(Beginning of Raw data)

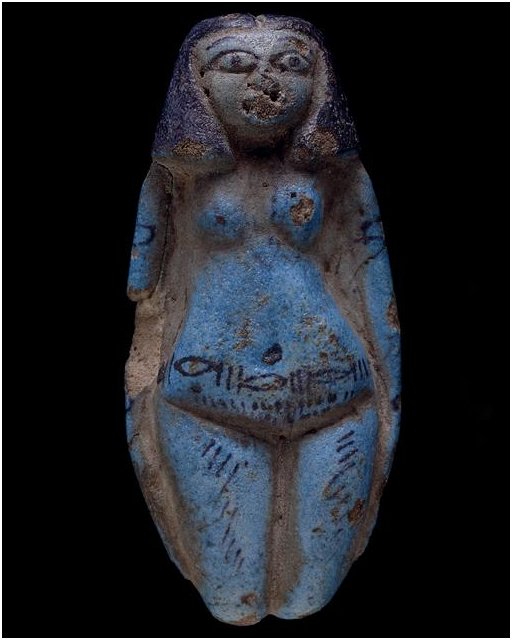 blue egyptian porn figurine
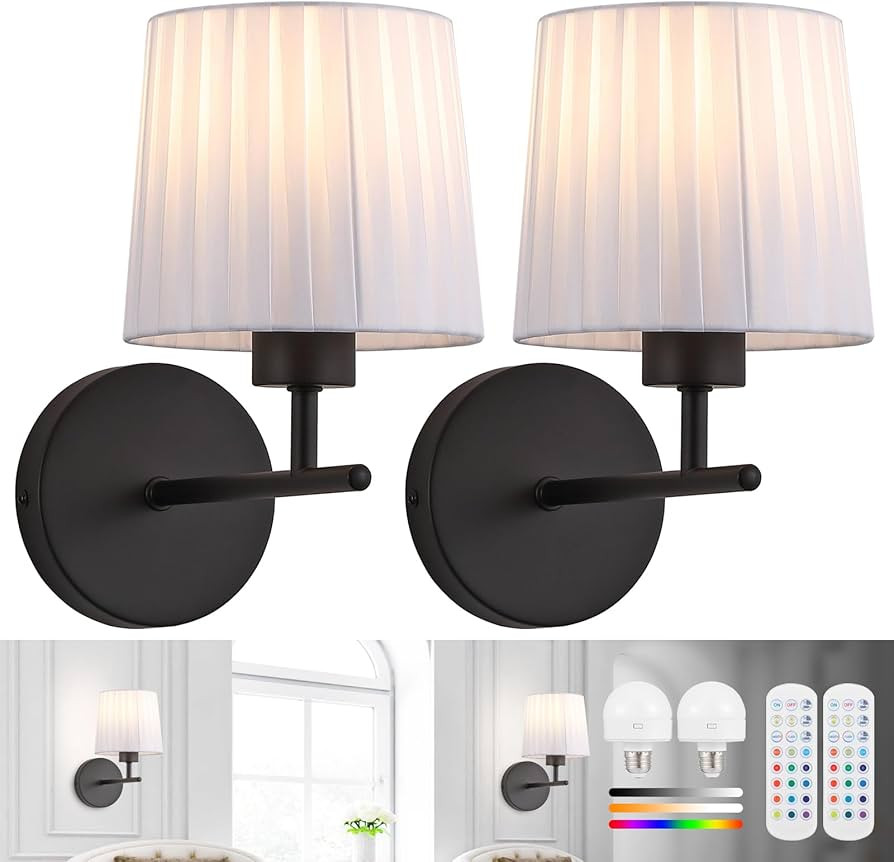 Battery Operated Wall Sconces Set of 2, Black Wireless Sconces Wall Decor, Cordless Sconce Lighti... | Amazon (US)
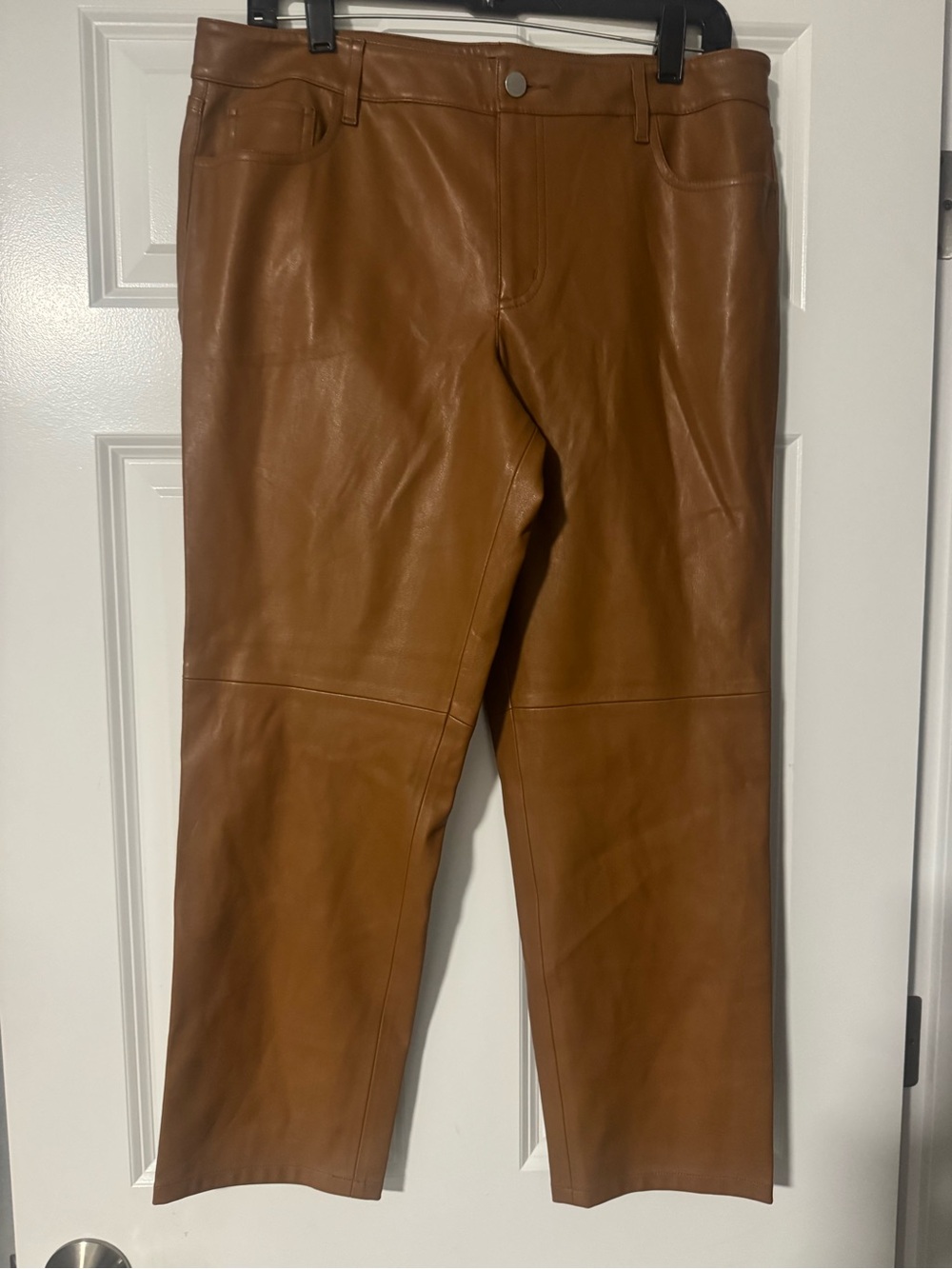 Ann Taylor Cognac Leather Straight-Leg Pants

(End of Raw data)

Try it = Return exactly the lines that begin with the one containing "Battery Operated Wall" and end with the final line of the data above; include no pictures.

Answer section =
 Battery Operated Wall Sconces Set of 2, Black Wireless Sconces Wall Decor, Cordless Sconce Lighti... | Amazon (US)
 Ann Taylor Cognac Leather Straight-Leg Pants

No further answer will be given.